Transcriptome alterations of vascular smooth muscle cells in aortic wall of myocardial infarction patients

Publication date: Available online 6 February 2018
Source:Data in Brief
Author(s): Thidathip Wongsurawat, Chin Cheng Woo, Antonis Giannakakis, Xiao Yun Lin, Esther Sok Hwee Cheow, Chuen Neng Lee, Mark Richards, Siu Kwan Sze, Intawat Nookaew, Vladimir A. Kuznetsov, Vitaly Sorokin
This article contains further data and information from our published manuscript [1]. We aim to identify significant transcriptome alterations of vascular smooth muscle cells (VSMCs) in the aortic wall of myocardial infarction (MI) patients.

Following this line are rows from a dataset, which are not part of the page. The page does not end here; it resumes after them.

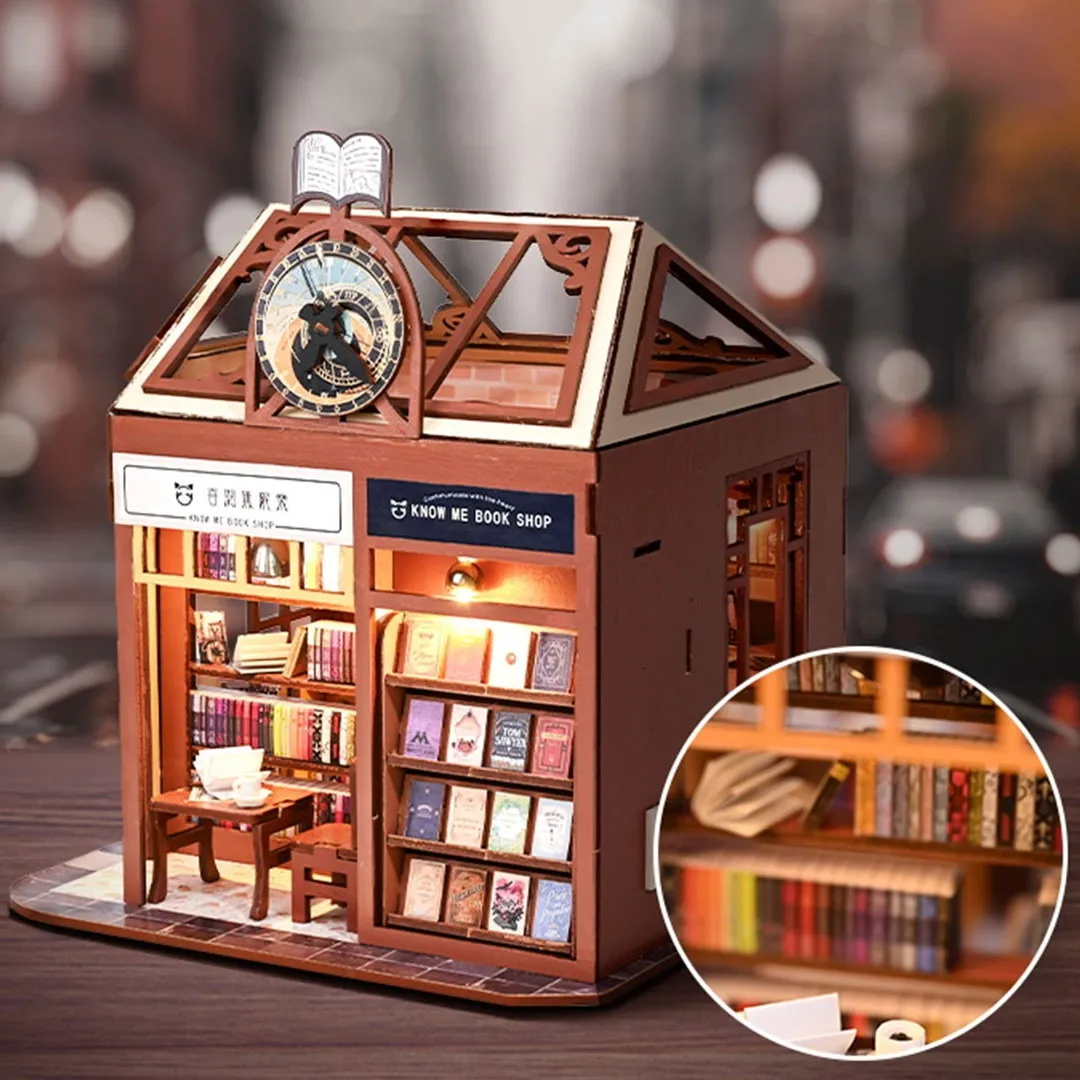 Street View Bookstore DIY Miniature Dollhouse Kit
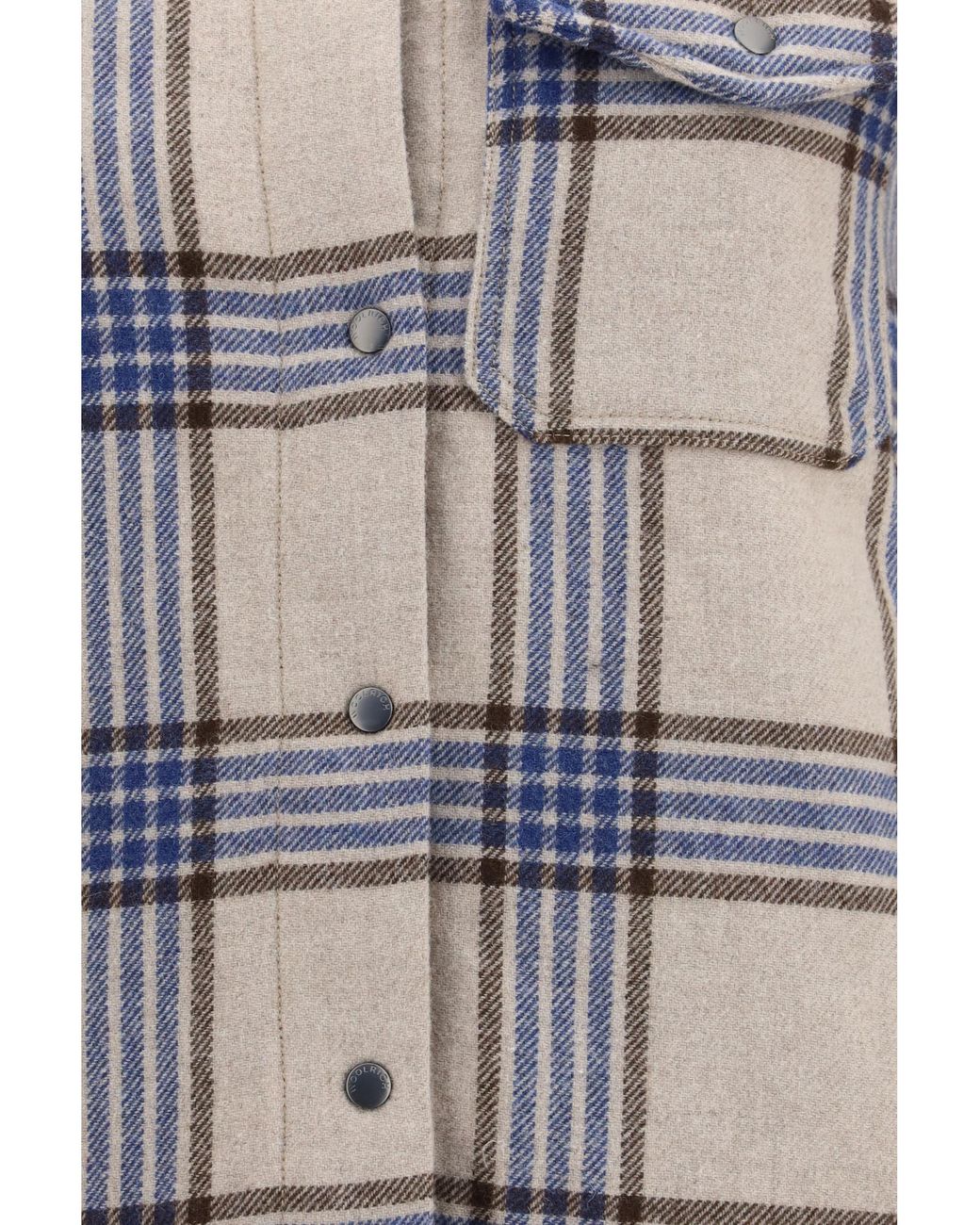 Woolrich White Alaskan Checked Wool Blend Overshirt Jacket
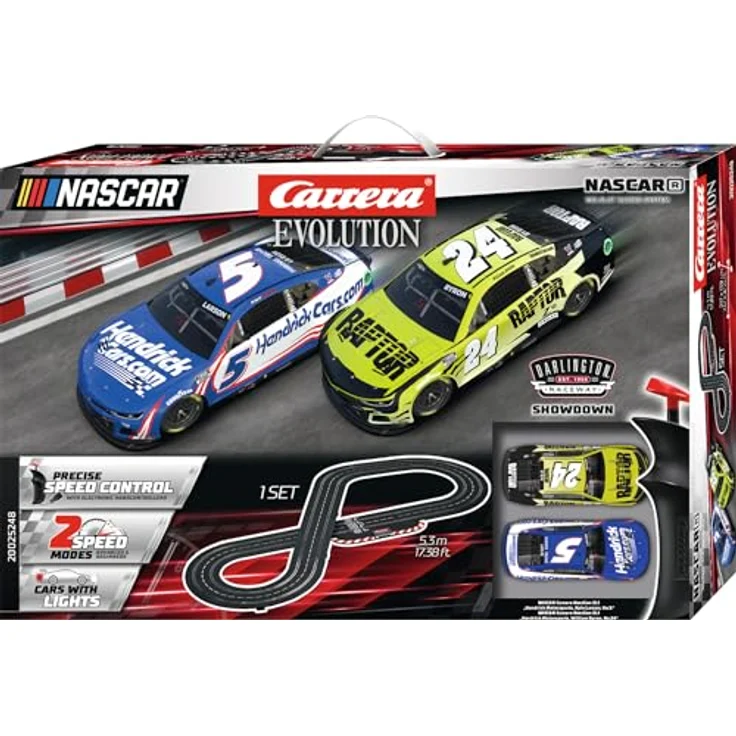 Carrera Evolution NASCAR, Rennbahn-Set mit 5,3 m Strecke, lizensierten Chevrolet Camaro NextGen ZL1, für 2 Spieler, geeignet für Kinder ab 8 Jahren und Erwachsene – Bild 2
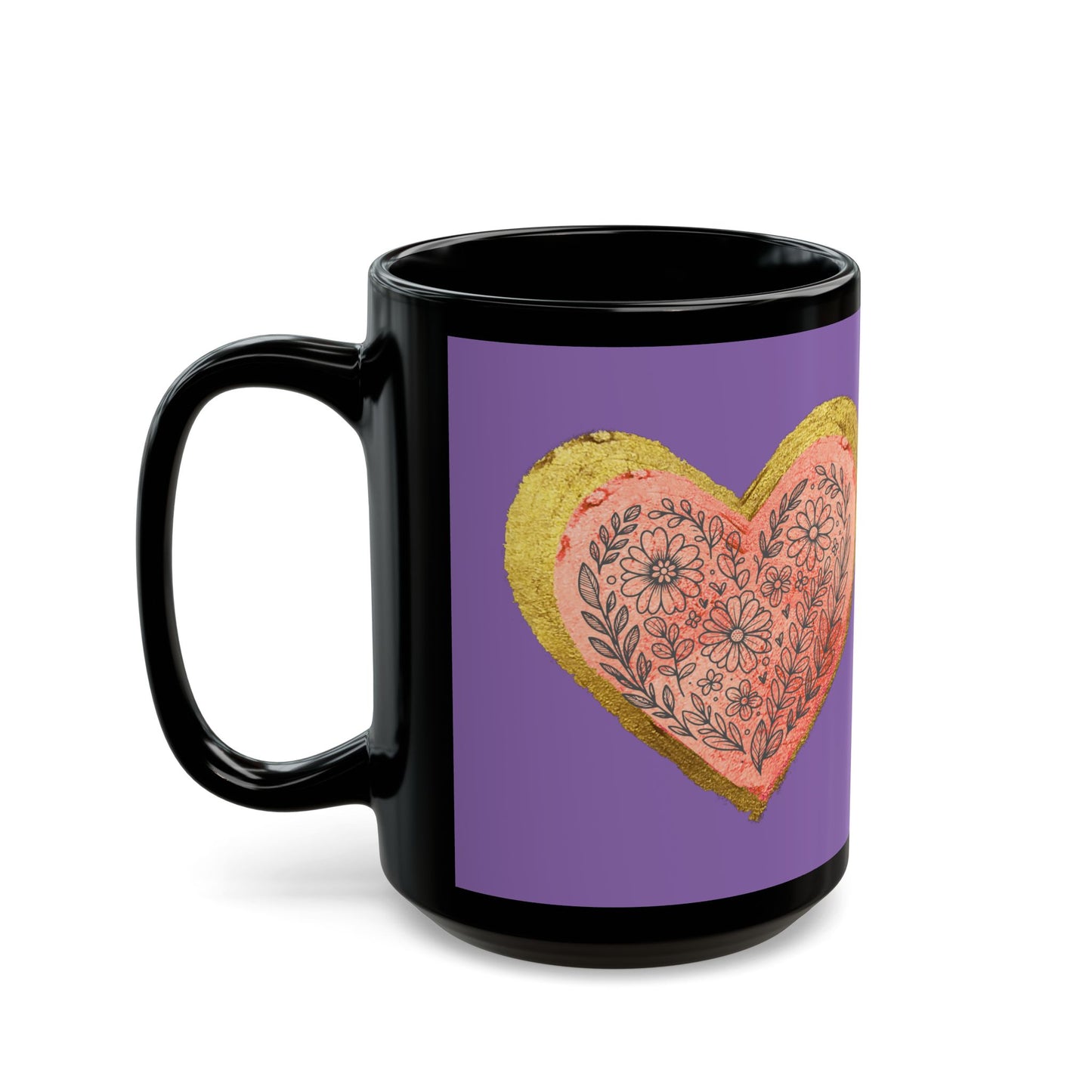 Light Purple on Black Mug  - Follow your heart (15oz)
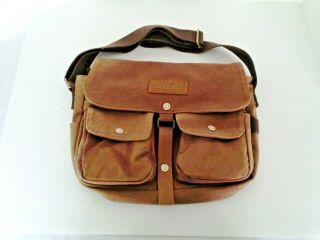 Augur Vintage Leather And Canvas Messenger Cross Body Shoulder Tablet Bag Brown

Microarray gene analysis applied to evaluate VSMCs of MI and non-MI patients. Prediction Analysis of Microarray (PAM) identified genes that significantly discriminated the two groups of samples. Incorporation of gene ontology (GO) identified a VSMCs-associated classifier that discriminated between the two groups of samples. Mass spectrometry-based iTRAQ analysis revealed proteins significantly differentiating these two groups of samples. Ingenuity Pathway Analysis (IPA) reveals top pathways associated with hypoxia signaling in cardiovascular system. Enrichment analysis of these proteins suggests an activated pathway, and an integrated transcriptome-proteome pathway analysis reveals that it is the most implicated pathway. The intersection of the top candidate molecules from the transcriptome and proteome highlighted overexpression.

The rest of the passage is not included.